### Task
Your answer must be the full set of records, copied exactly, with no pictures in it.

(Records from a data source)
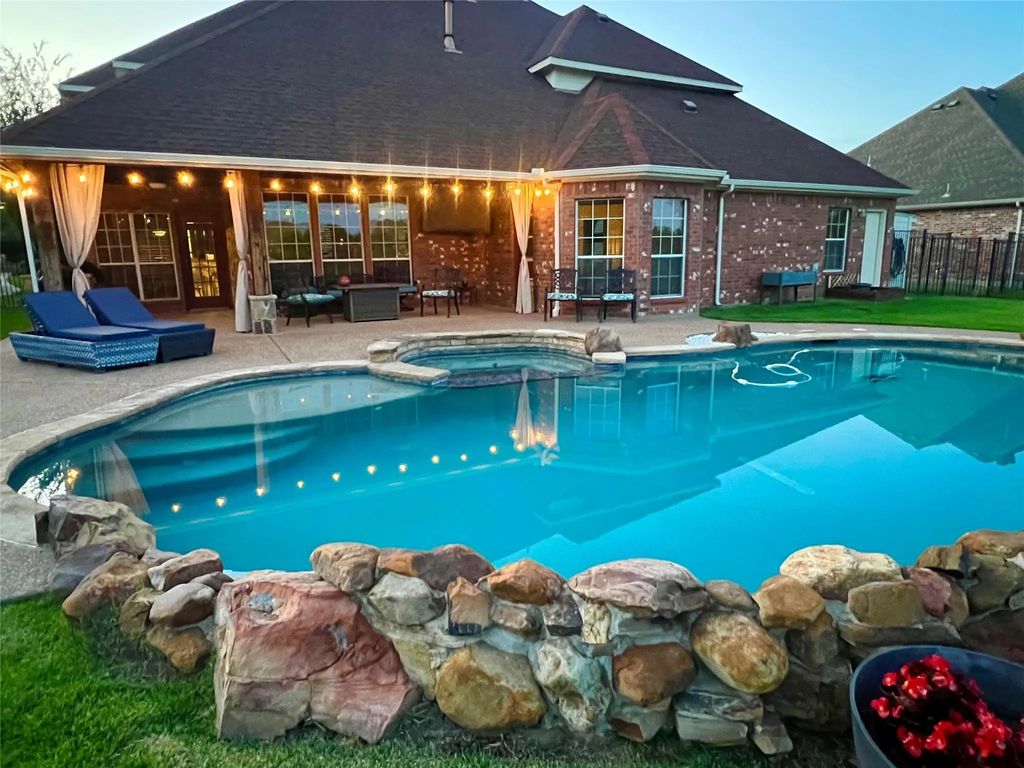 10414 Broadmoor Lane, Rowlett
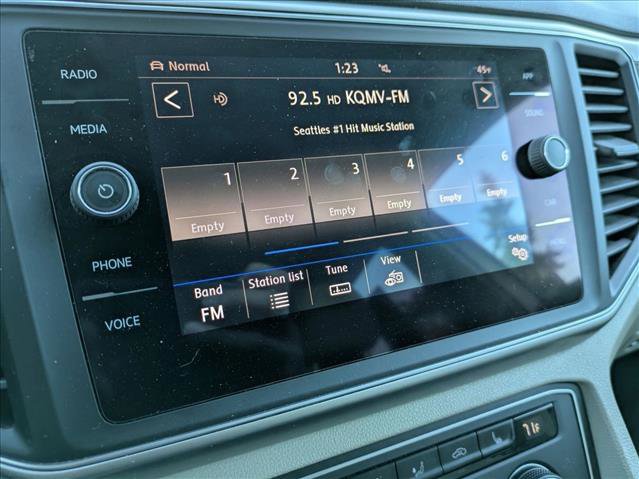 Used 2018 Volkswagen Atlas SE image 13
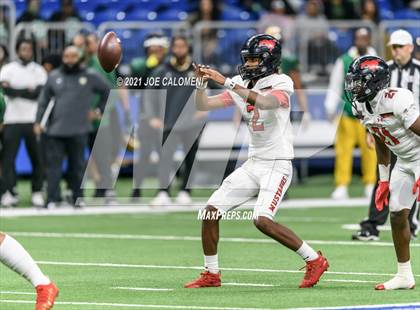 Thumbnail 3 in DeSoto vs Westfield (UIL 6A D1 Regional Semifinals) photogallery.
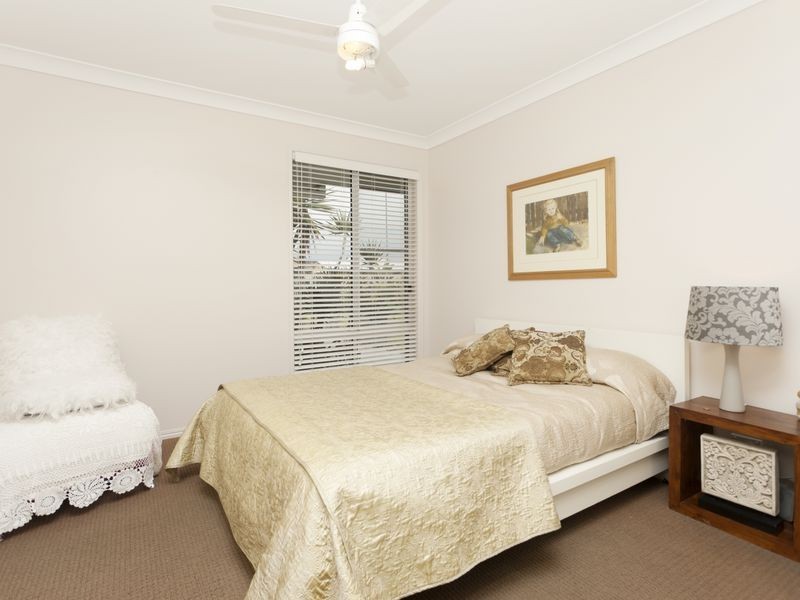 16 Shantull Drive, Wallabi Point NSW 2430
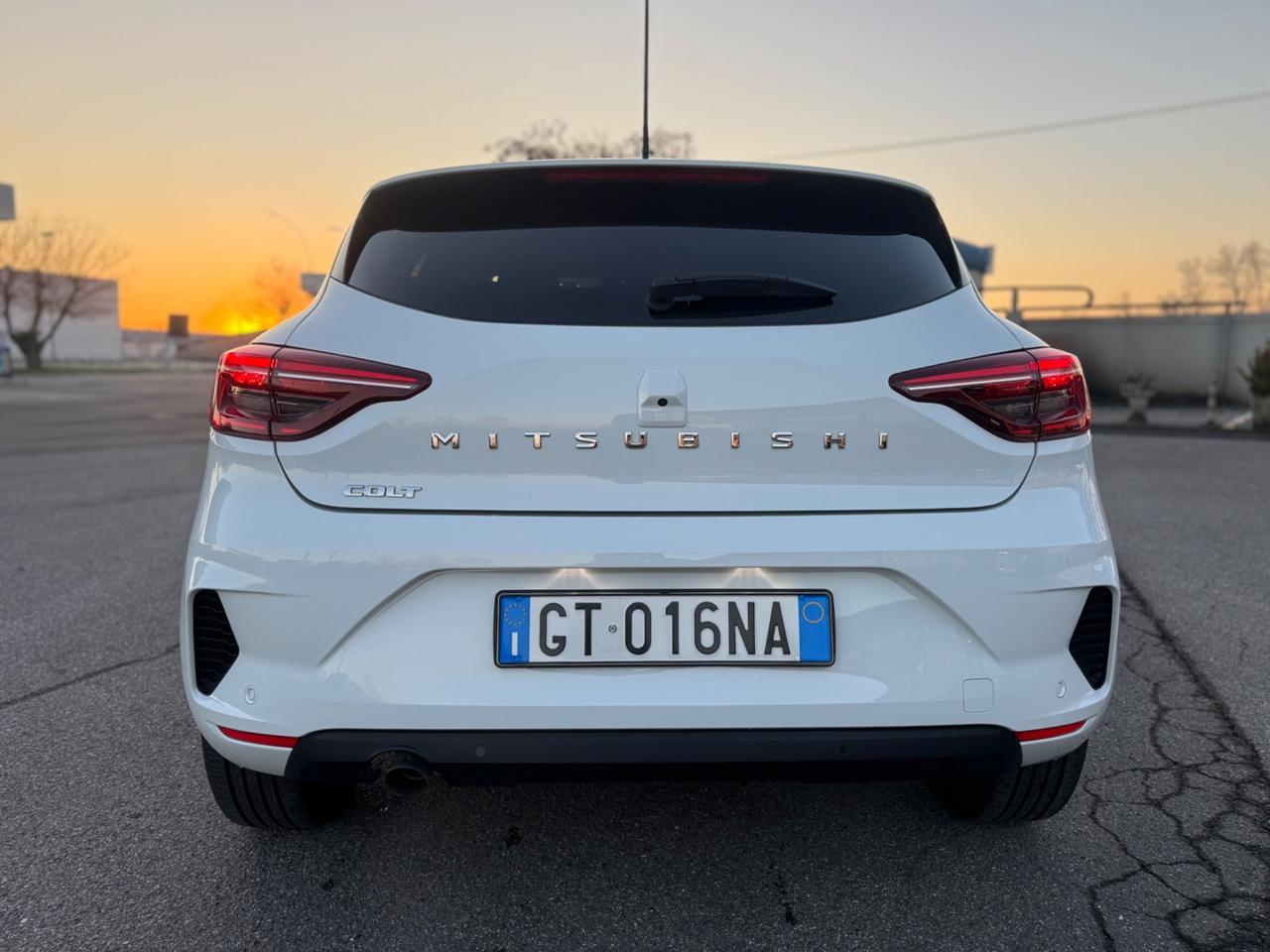 Mitsubishi Colt 1.0L turbo 90 CV Invite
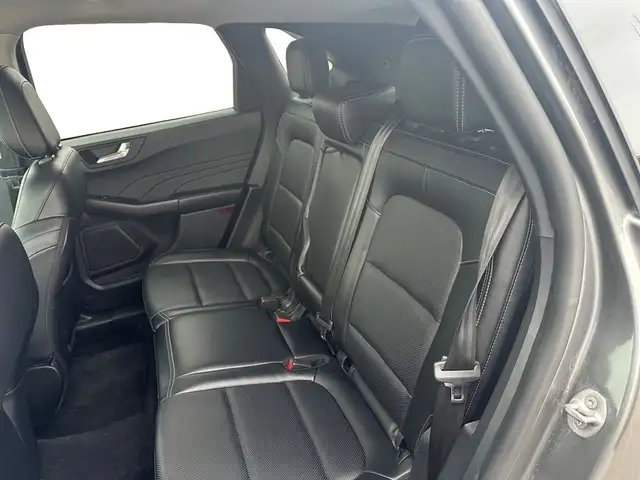 2022 Ford Escape Titanium AWD in Cars & Trucks in Edmonton - Image 16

### Solution for this exercise
 10414 Broadmoor Lane, Rowlett
 Used 2018 Volkswagen Atlas SE image 13
 Thumbnail 3 in DeSoto vs Westfield (UIL 6A D1 Regional Semifinals) photogallery.
 16 Shantull Drive, Wallabi Point NSW 2430
 Mitsubishi Colt 1.0L turbo 90 CV Invite
 2022 Ford Escape Titanium AWD in Cars & Trucks in Edmonton - Image 16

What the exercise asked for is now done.